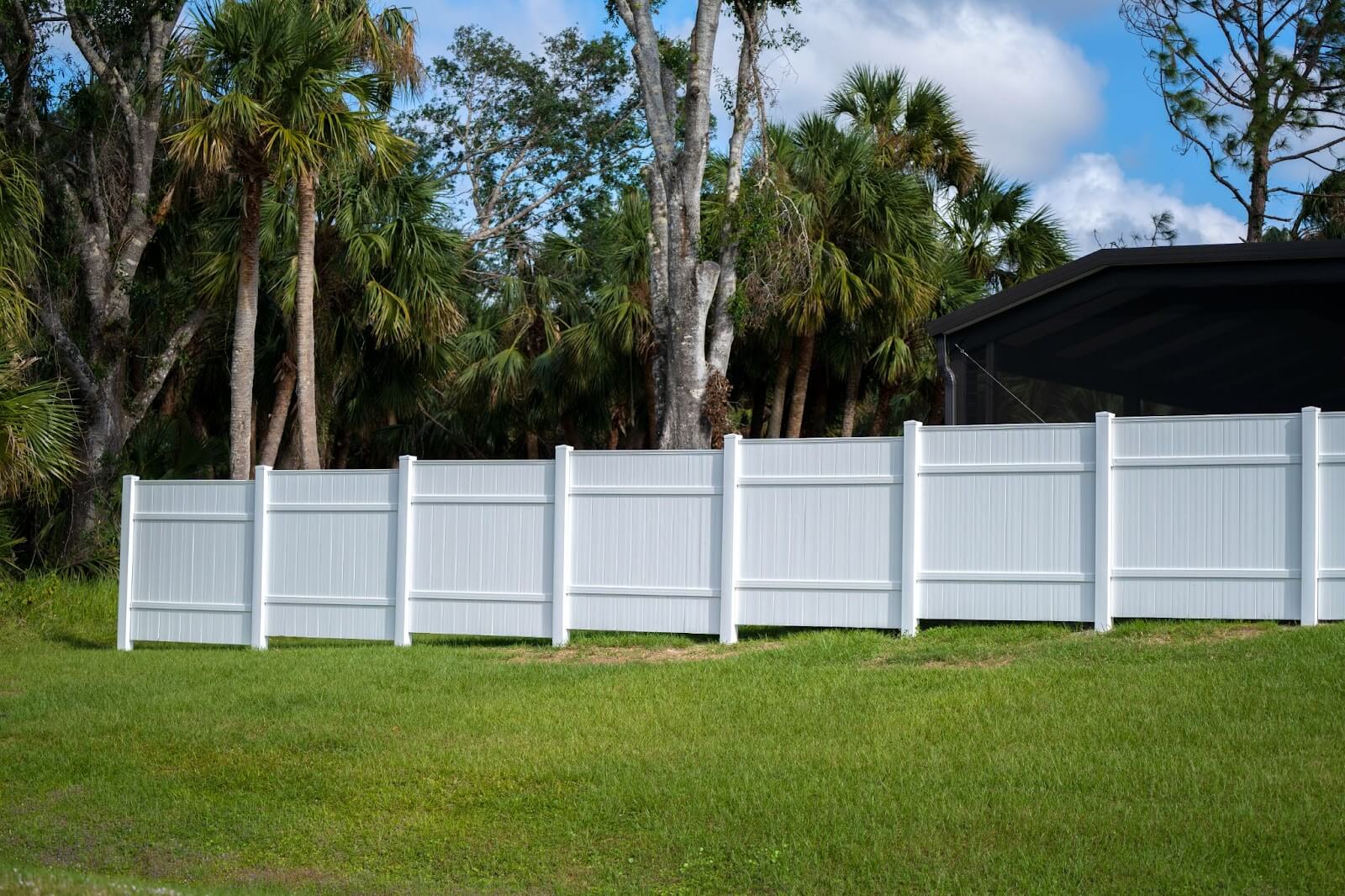 A front view of a white vinyl fence.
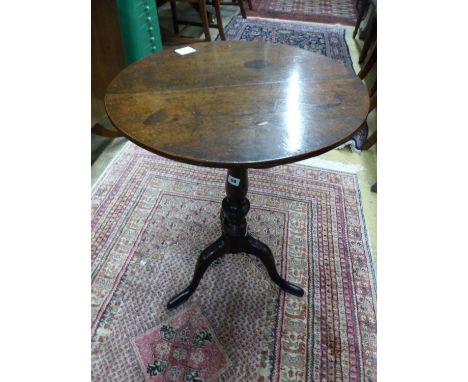   A George III circular oak tripod wine table, Diam.50cm H.71cm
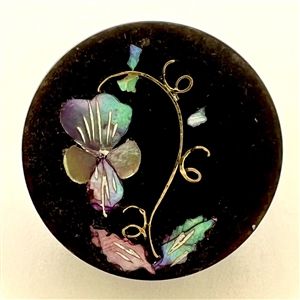 Horn inlay button of a violet.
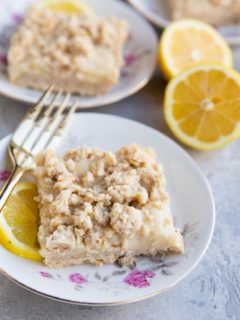 Three decorative plates with roses on them with a lemon crumb bar on top and fork to the side. Fresh lemons in the background.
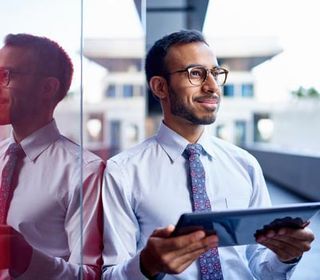 Personal Tax Preparation — A Man Holding A Tablet In Baton Rouge, LA Personal Tax Preparation — A Man Holding A Tablet In Baton Rouge, LA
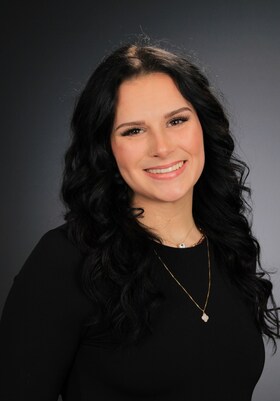 Staff member Dezeray Ferretti from ID_d6c512763b16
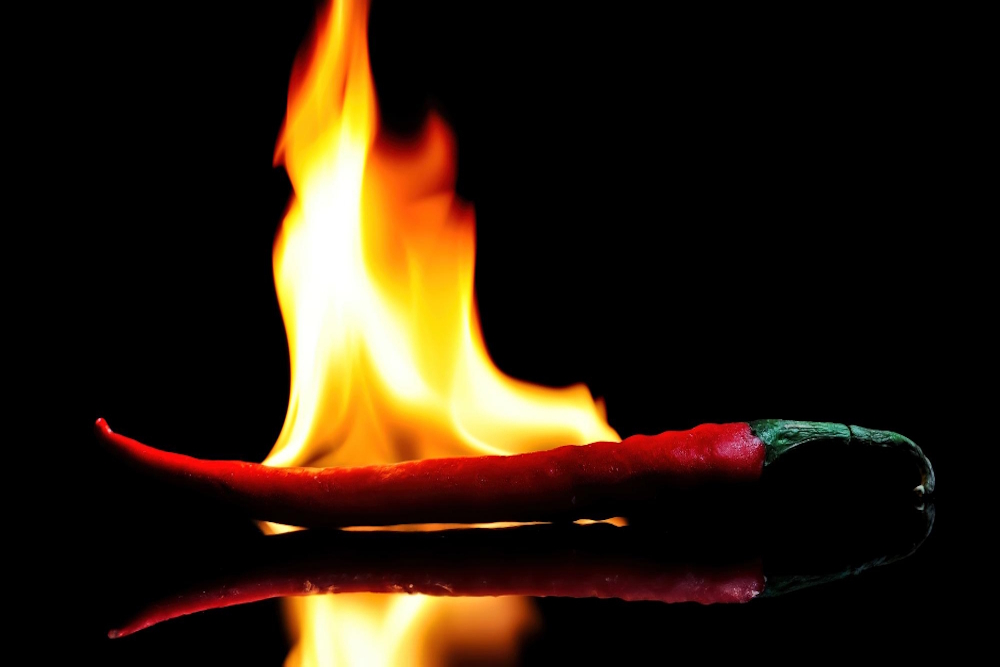 Chili-Schote brennt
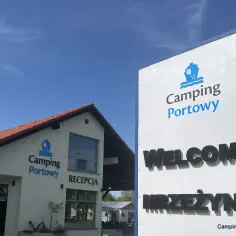 Witamy w Camping Portowy Mrzeżyno! Budynek recepcji i duży znak zapraszają na wypoczynek nad morzem.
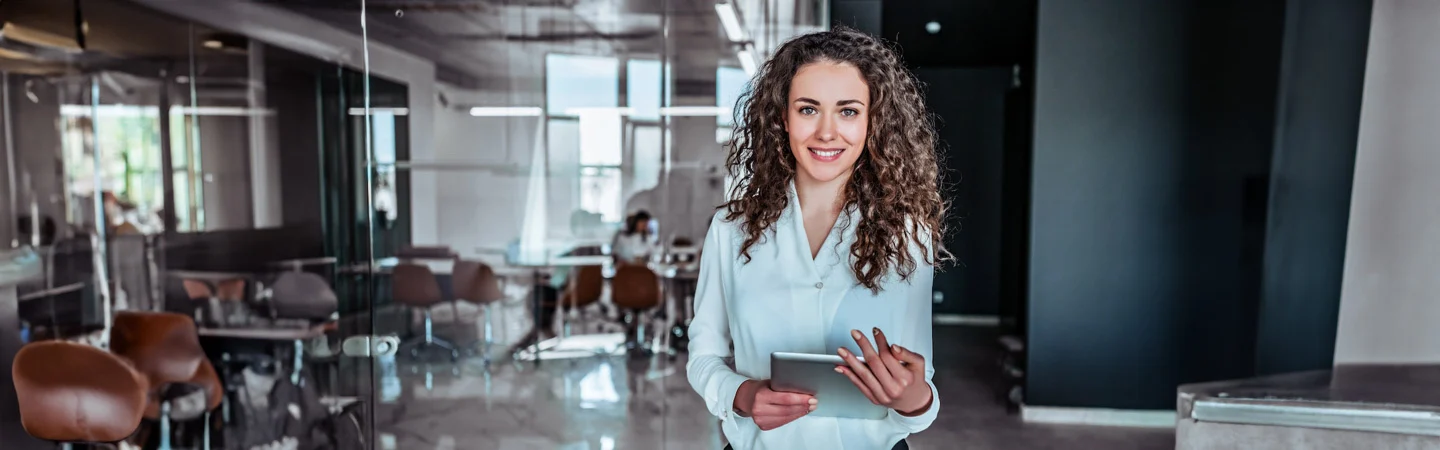 A woman with curly hair, wearing a white blouse, smiles while holding a tablet in a modern office space.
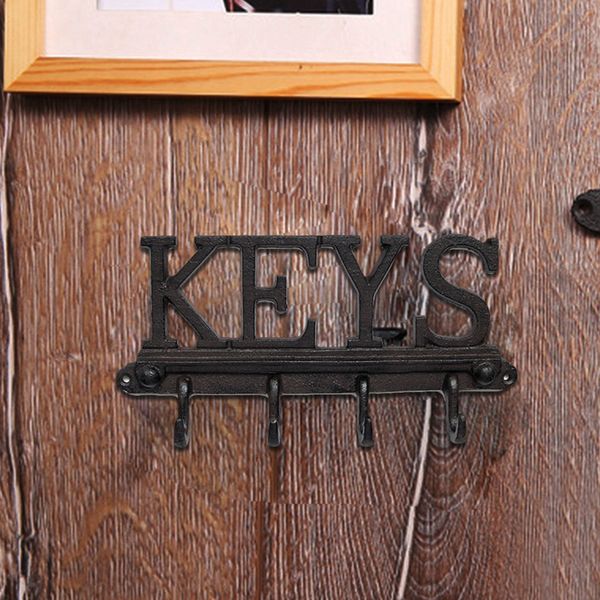 

cast iron wall mounted 4 hook key holder - rustic, vintage style rack with hooks for keys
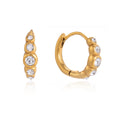 Huggies de Acero con Zirconias en Bezel Dorado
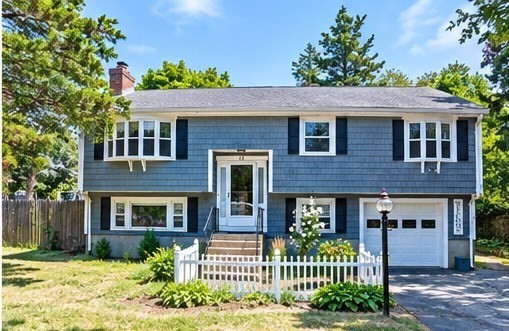 Blue split-level house with white trim, front steps, picket fence, and attached garage.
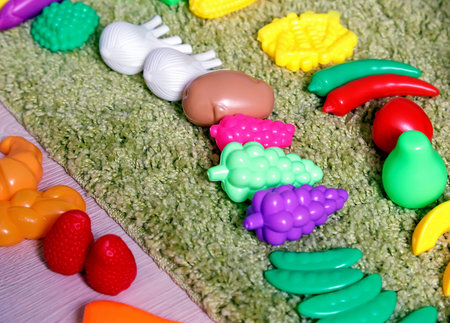Floor and carpet are various plastic children toys in the form of various vegetables and fruits: grapes, pear, strawberries, onions, peas, and others.の写真素材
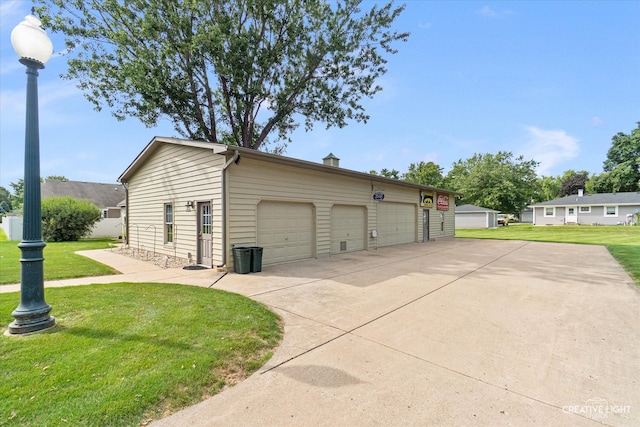 garage with a lawn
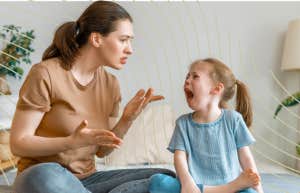 To The Imperfect Moms With Messy Lives And The Weight Of The World On Their Shoulders mom trying to reason with her crying inconsolable child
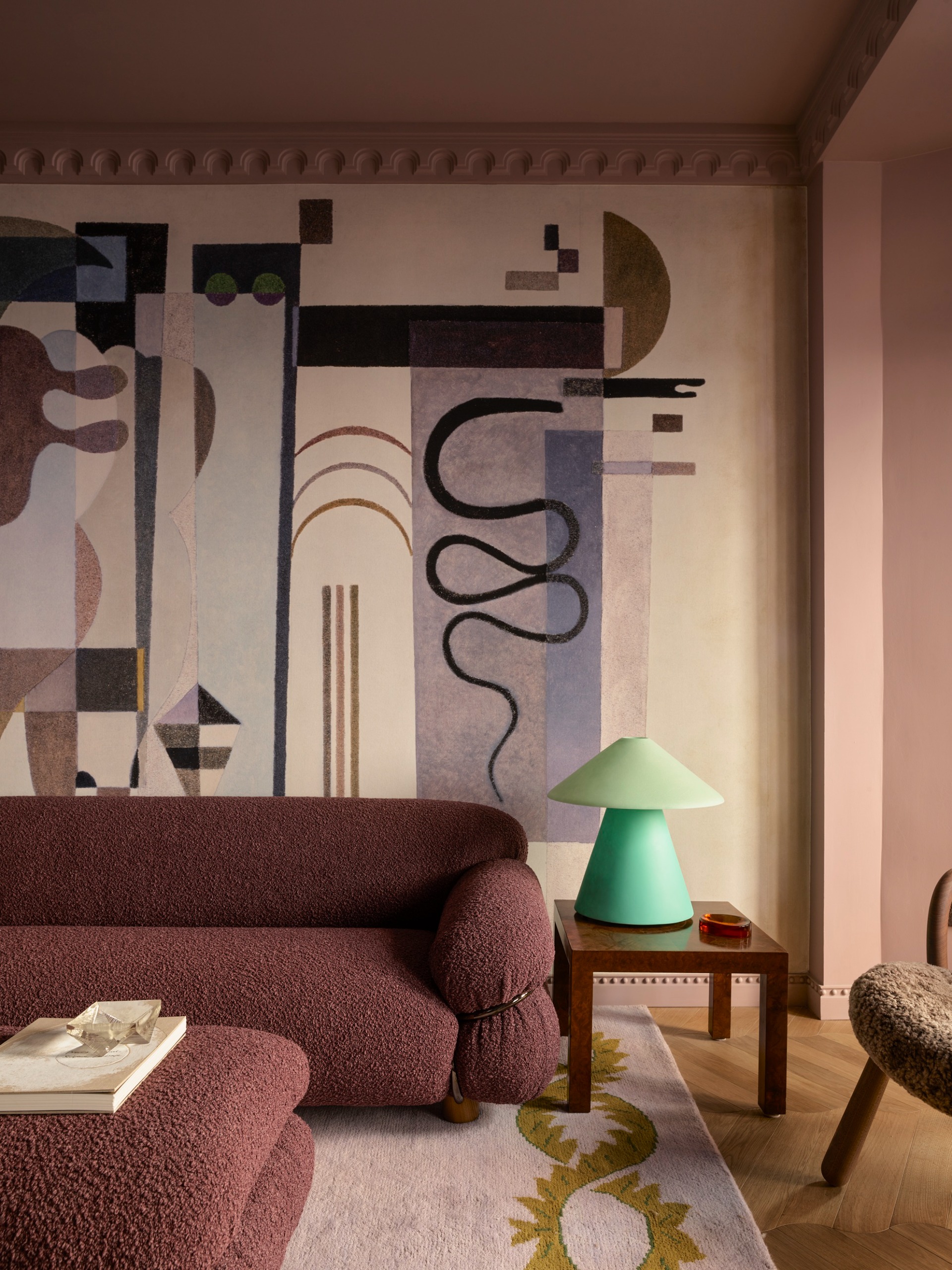 pink living room with wall mural, purple boucle sofa and coffee table, timber side table with mint green lamp, pink rug with yellow border and sheepskin shearling armchair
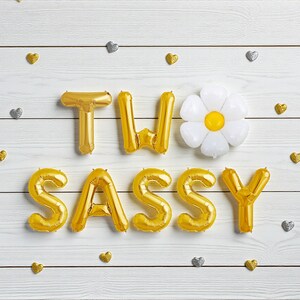 May include: Gold foil balloon letters spelling "TWO SASSY" with a white daisy-shaped balloon and gold and silver heart-shaped confetti on a white wooden background. A festive and celebratory theme.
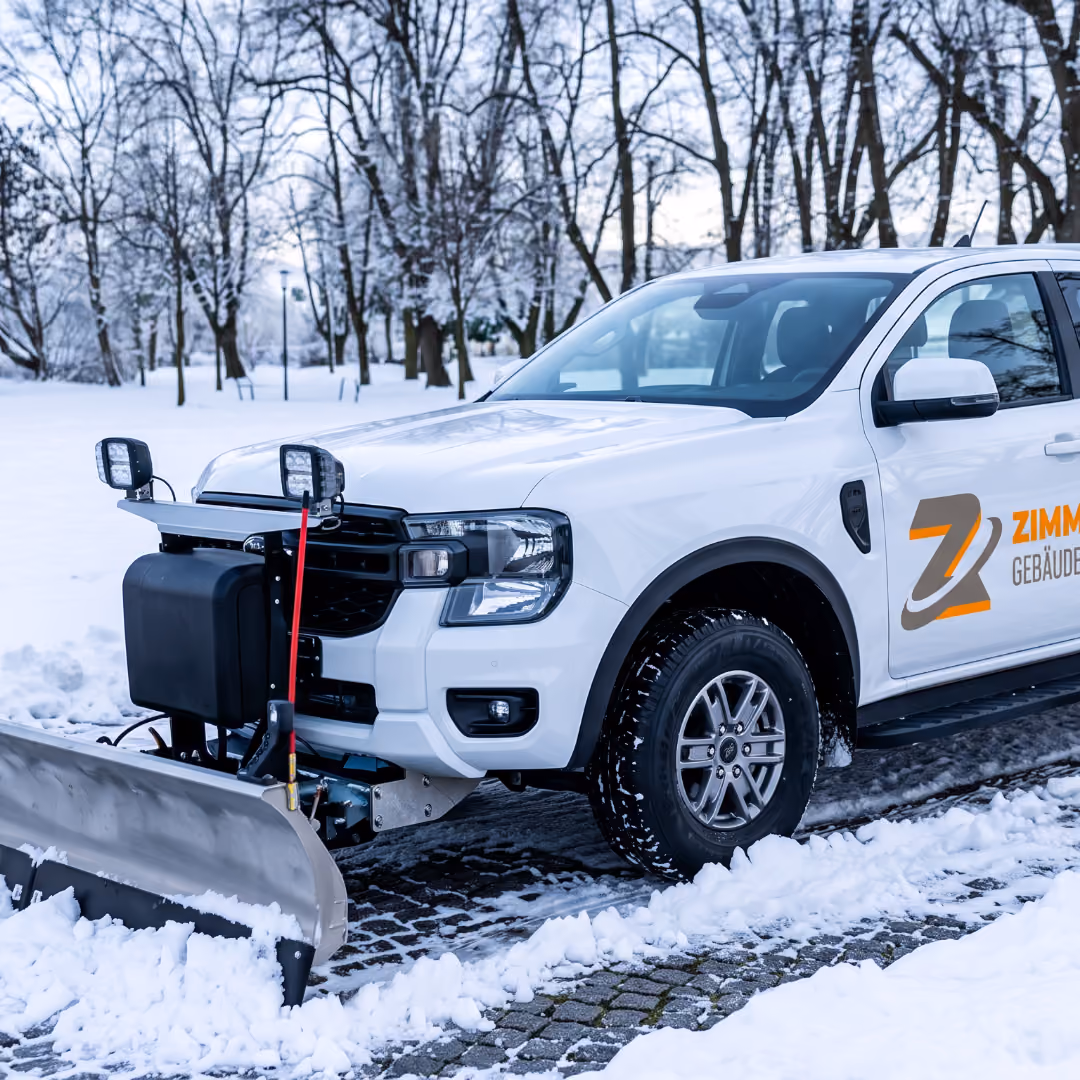 Weißer Geländewagen mit vorne montiertem Schneeräumschild fährt auf gepflastertem Weg zwischen Schnee bedeckten Bäumen.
- - -
WORK INSTRUCTIONS: Copy only these lines from the records above, exactly: the one with "Chili-Schote brennt", the one with "pink living room", and those between. Skip the pictures.

EXERCISE OUTPUT:
 Chili-Schote brennt
 Witamy w Camping Portowy Mrzeżyno! Budynek recepcji i duży znak zapraszają na wypoczynek nad morzem.
 A woman with curly hair, wearing a white blouse, smiles while holding a tablet in a modern office space.

cast iron wall mounted 4 hook key holder - rustic, vintage style rack with hooks for keys
 Huggies de Acero con Zirconias en Bezel Dorado
 Blue split-level house with white trim, front steps, picket fence, and attached garage.
Floor and carpet are various plastic children toys in the form of various vegetables and fruits: grapes, pear, strawberries, onions, peas, and others.の写真素材
 garage with a lawn
 To The Imperfect Moms With Messy Lives And The Weight Of The World On Their Shoulders mom trying to reason with her crying inconsolable child
 pink living room with wall mural, purple boucle sofa and coffee table, timber side table with mint green lamp, pink rug with yellow border and sheepskin shearling armchair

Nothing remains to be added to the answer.